Scot noted that Br. Rahl just completed 11 years of ministry at Boston University. Cardinal Seán asked the Brotherhood to expand their ministry to cover many more campuses in Boston through a new initiative called H.U.B. (Hope for Undergraduates in Boston), based at Northeastern University, but reaching out to 60,000 Catholic college students. Br. Rahl said they have seen so much fruit from their campus ministry over the past 11 years at both BU and Northeastern that Cardinal Seán to expand their ministry to schools which don’t have the resources for campus ministry, like Wentworth, Mass. College of Pharmacy, Berklee, Wheelock, Simmons and many more. Br. Rahl said they are just beginning their program. It’s going to be an organic process. They are working with students to train them to reach out to their peers, to lead Bible studies, to invite others to Mass. Over the next year, they will be working to get to know administrators and staff at these schools as well. He’s encouraged the Cardinal has confidence in them and asked for prayers from listeners in their work.

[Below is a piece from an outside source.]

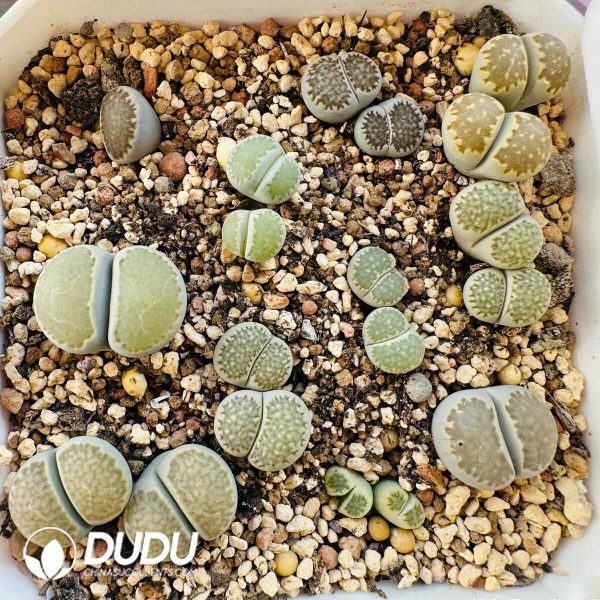 e201-121-1.jpg Lithops salicola Daikangyoku (1000pcs+) - Image 1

Fr. Matt said he’s heard people say that a critical area of focus for the Church is college campus ministry because it is crucial for the Church to connect people at that age to connect with the life of the Church. He asked what challenges the Brotherhood is facing on campuses now. Br. Ted said it’s a key time to be reaching out to an age group that is mature enough to make good decisions while they’re making lifelong decisions. On one hand they have time, but on the other they’re busy, so that’s the first challenge. There are also a lot of options for students. When a freshman settles in, they are bombarded by all that they can get involved with: clubs, sports, and other organizations, most of which demand far less than the Church does. Br. Ted said they have come to realize that they have to challenge the students and ask something of them, to make it seem worthwhile through sacrifice and hard work. The students are also bombarded by a lot influences, including sex and drugs and drinking. Sometimes, the universities don’t help with those issues. Many of the students are lonely or depressed or stressed for the first time.

Scot asked how many of the students involved with the Brotherhood connect with them right away versus those who come along later. Br. Ted said there is a good mix of how people come to them. If people come and get involved early, they tend to stick it through. Br. Rahl said many of them, as their relationship with Christ deepens, they want to tell their friends and start inviting them to programs. The Brotherhood create experiences that connect with what’s going on on campus. For example, they have intramural sports teams that compete with other campus organizations.

Br. Ted said they offer card and games nights, minor competitions, lots of food (barbecues and dinners), but the primary end is to bring them to Mass. They also do a Wednesday night gathering called A New Life with prayer and a talk to challenge them in their faith. Br. Rahl told a story of a Texas Hold-Em tournament where one of the students who wasn’t Catholic, but was a good card player, won and eventually has become very involved in his faith and inviting others to be involved.

Scot asked them how they minister to students in the midst of a hook-up culture. Br. Ted said he sees even good Catholic church-going students who live a double life, involved both kinds of culture. They try to teach them about self-control and not objectifying others. Br. Rahl said as they connect with Christ it becomes more than just growing in natural virtue, but also in the Gospel virtues. He said one of the universities they work at offers a yearly sex week, which promotes the hook-up culture. The Brotherhood provides a counter-culture and encourages the students that they don’t have to be slaves to it. Br. Ted notes that it’s not all on the brothers, but that the students who are already living the life of faith and are the best witnesses for Christian love and chastity.

Scot noted that the Brotherhood of Hope is mainly supported through donations of those who want to make an impact on college campuses. People can make donations at their website at BrotherhoodofHope.org.

CatholicTV also came to the Brotherhood of Hope a few years ago to film a 13-part series called Hope on Campus. People can watch the shows right from their website.